自分のドメイン名に設定したDNSサーバーの設定値を nslookup コマンドで調べる方法を示します。


nslookup コマンドで、DNSサーバーを調べよう。

nslookupコマンドは、PC-UNIX(Mac OSXを含む)ユーザーやWindows NT/2000/XPユーザーのみ使用出来ますが、ここでは、 Windows 95/98/MeユーザーやMacユーザーでも調べられるようWeb上で、nslookupコマンドと同等の機能を使用して調査を行います。
注)このコマンドは、DNSサーバーのbind9までは、確実に使用出来ます。(将来の代替のコマンドは、hostとdigとdnsqueryになります。)

1. 自分のグローバルIPアドレスを確認

自分のグローバルIPアドレスを調べます。この確認くんをクリックしてみてください。(プロキシ(代理)サーバーを経由しないで下さい。) ここの上から3番目の項目の「現在接続している場所(現IP)」にあなたのグローバルIPアドレスが表示されています。 このグローバルIPアドレス(vvv.xxx.yyy.zzz)を控えておきます。

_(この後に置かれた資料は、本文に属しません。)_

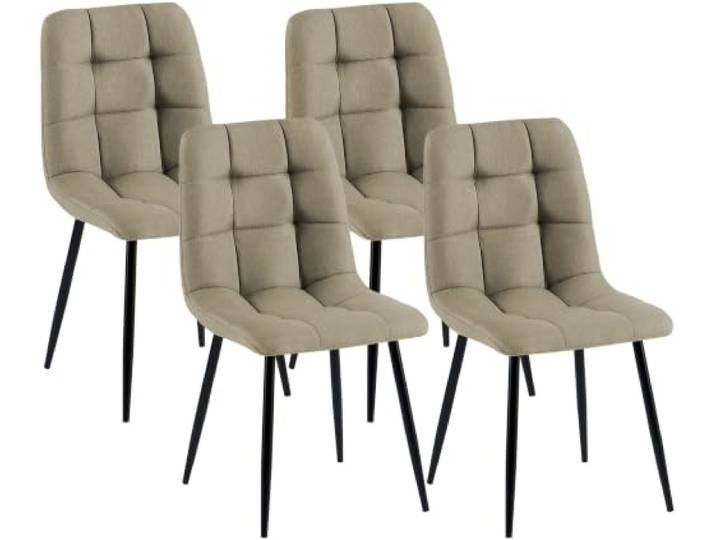 CLP Esszimmerstühle 4er Set gepolstert Tilde, Küchenstühle mit Rückenlehnen und schwarzen Metallgestellen, Polsterstühle bis 150 kg belastbar Farbe Taupe Material Stoff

2. 自分のドメイン名が登録されているかどうかを確認

サブドメイン名(sub.example.com)の方は、次の項3に進んで下さい。

自ドメイン名(example.com)の方は、IPアドレスでも検索可能なMeta-Whois Gateway(統合型Whois検索)Meta-WhoisIPドメインSEARCHで、自分のドメイン名が登録されているかどうかをまず調べて下さい。 レジストラ(登録業者)にて自ドメイン名を新規に登録された場合は、数時間経過していないと、正常に表示されません。 自ドメイン名が正しく表示されてから、次の項3に進んで下さい。 尚、次の項3の「WHOIS」欄(一番下の赤枠部分)にドメイン名を入力しても調べることが出来ます。

3. インターネット上から、ネットワークコマンドを実行

インターネット上から、ネットワークコマンドを実行できるWebサイトを紹介します。(OSは、関係ありません。)

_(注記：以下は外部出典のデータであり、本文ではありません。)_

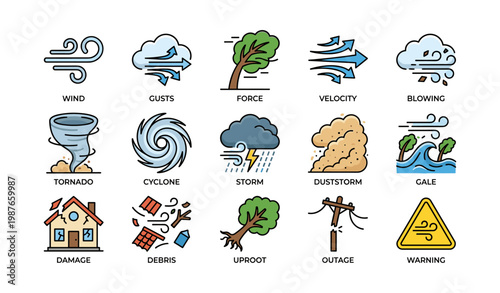 Weather phenomena illustrations depicting tornado cyclone storm and more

下図Web site, web server, web page and cgi monitoring services by WebSitePulse.com注)サイトは、色々な試験が出来ますので、是非、自宅サーバー構築時の検証にご活用して下さい。

注)2002年1月15日HAL2000さんよりリンクを頂戴致しました。詳細は、Internet Test Toolに書いていますが、以下の機能があります。

  1. Web Site Test 外部からアクセス出来るかを検証。
  2. Host Name Test (サブ)ドメイン名が正しく、IPアドレスに変換されるかを検証。(DNSサーバーの検証)
  3. PING ICMPパケットを発行して、応答時間を計測。(IPアドレスも入力可能。)
  4. Traceroute このサイトから、(サブ)ドメイン名迄のパケットが到達する経路を表示。(IPアドレスも入力可能。)
  5. WHOIS 自ドメイン名の所有者の情報を調べる。

このサイトでは、nslookupコマンドの機能の一部として、Host Name Testがあります。入力した(サブ)ドメイン名が正しく、IPアドレスに変換されるかを検証。(DNSサーバーの検証)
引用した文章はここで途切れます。